WORK INSTRUCTIONS: Go through the listing below and repeat it exactly, dropping the pictures.
# # #
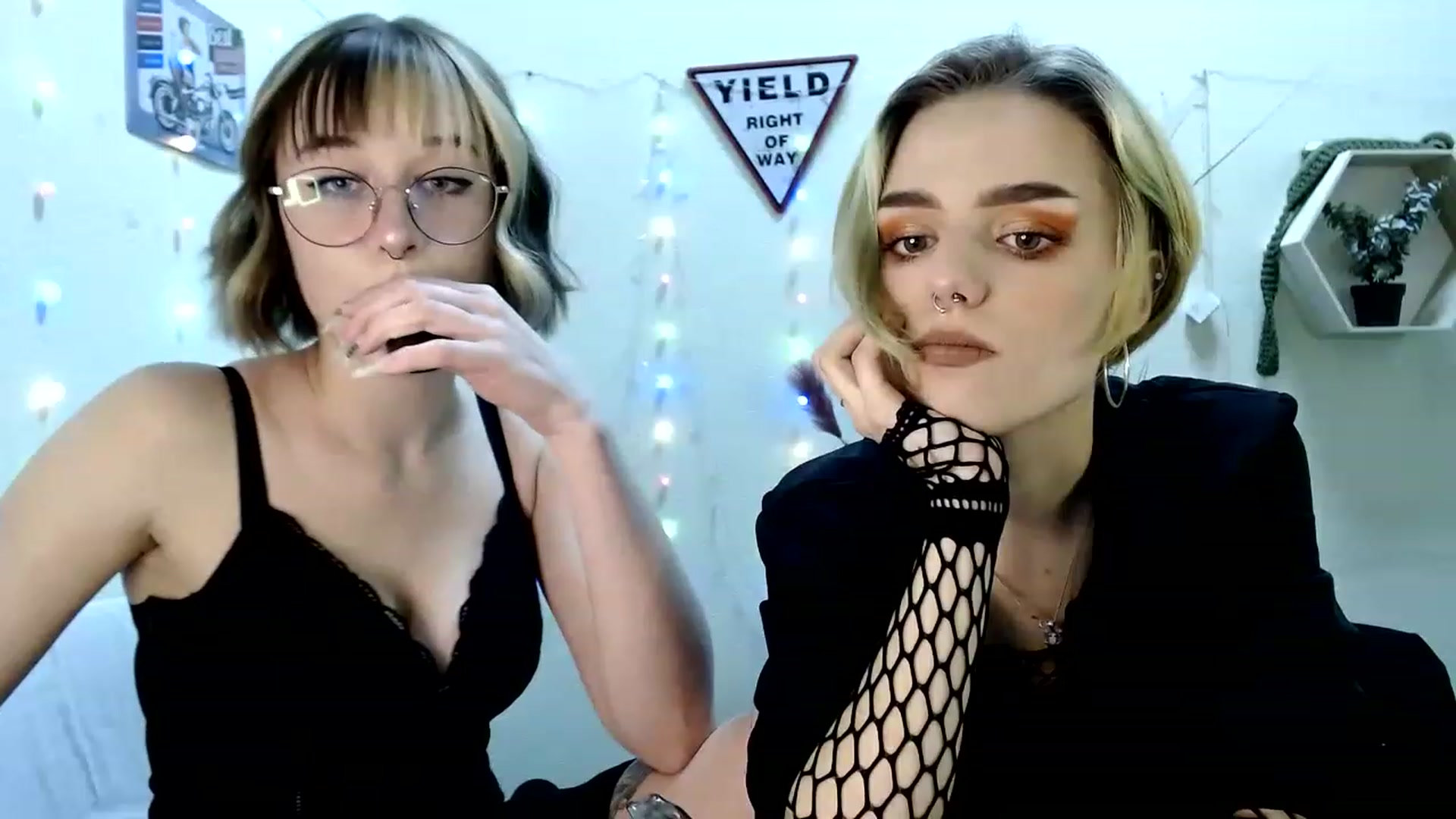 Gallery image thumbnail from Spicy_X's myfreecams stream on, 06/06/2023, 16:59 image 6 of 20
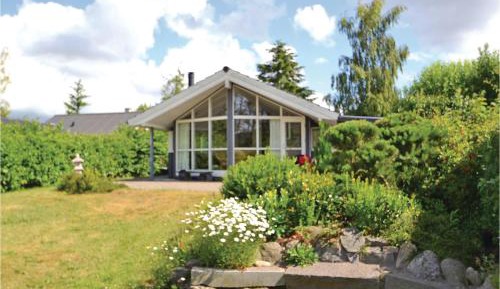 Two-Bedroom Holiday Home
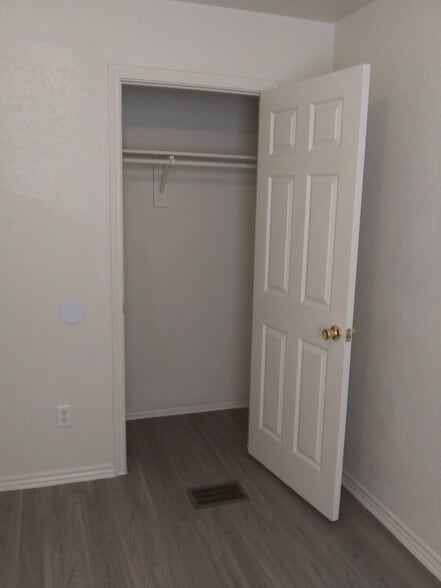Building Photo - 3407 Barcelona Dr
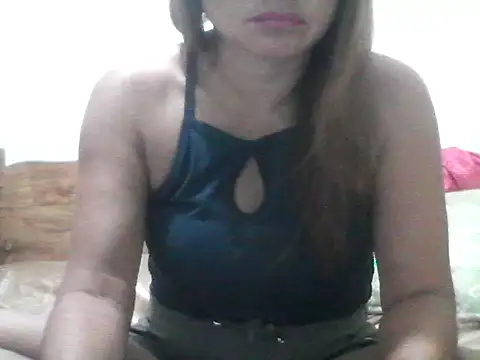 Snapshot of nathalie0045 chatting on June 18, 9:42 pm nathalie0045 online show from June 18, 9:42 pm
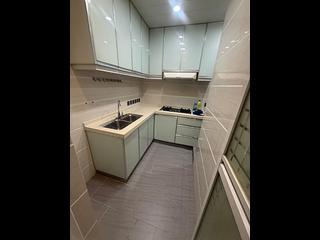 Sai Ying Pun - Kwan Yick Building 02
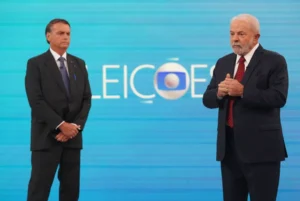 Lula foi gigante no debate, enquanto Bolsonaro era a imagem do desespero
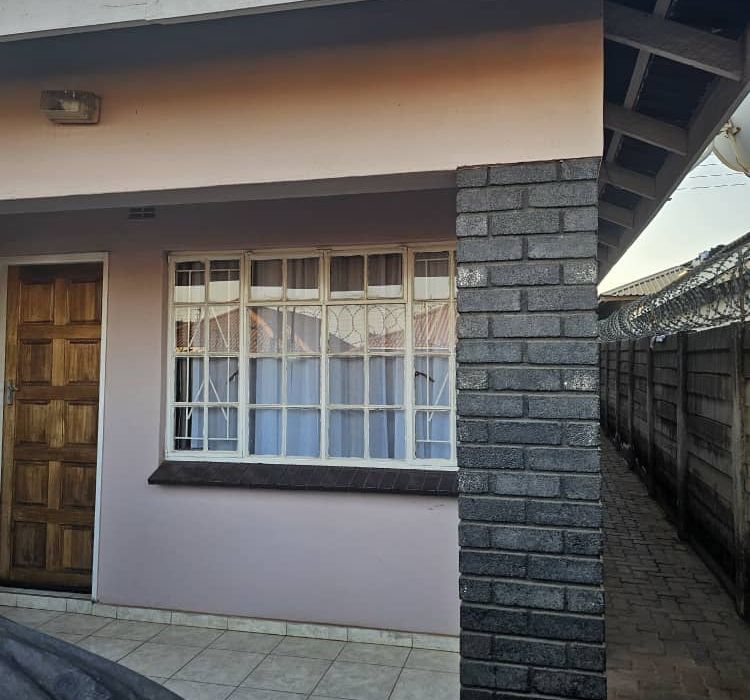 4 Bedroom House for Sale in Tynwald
# # #
SOLUTION TO THIS TASK:
 Gallery image thumbnail from Spicy_X's myfreecams stream on, 06/06/2023, 16:59 image 6 of 20
 Two-Bedroom Holiday Home
Building Photo - 3407 Barcelona Dr
 Snapshot of nathalie0045 chatting on June 18, 9:42 pm nathalie0045 online show from June 18, 9:42 pm
 Sai Ying Pun - Kwan Yick Building 02
 Lula foi gigante no debate, enquanto Bolsonaro era a imagem do desespero
 4 Bedroom House for Sale in Tynwald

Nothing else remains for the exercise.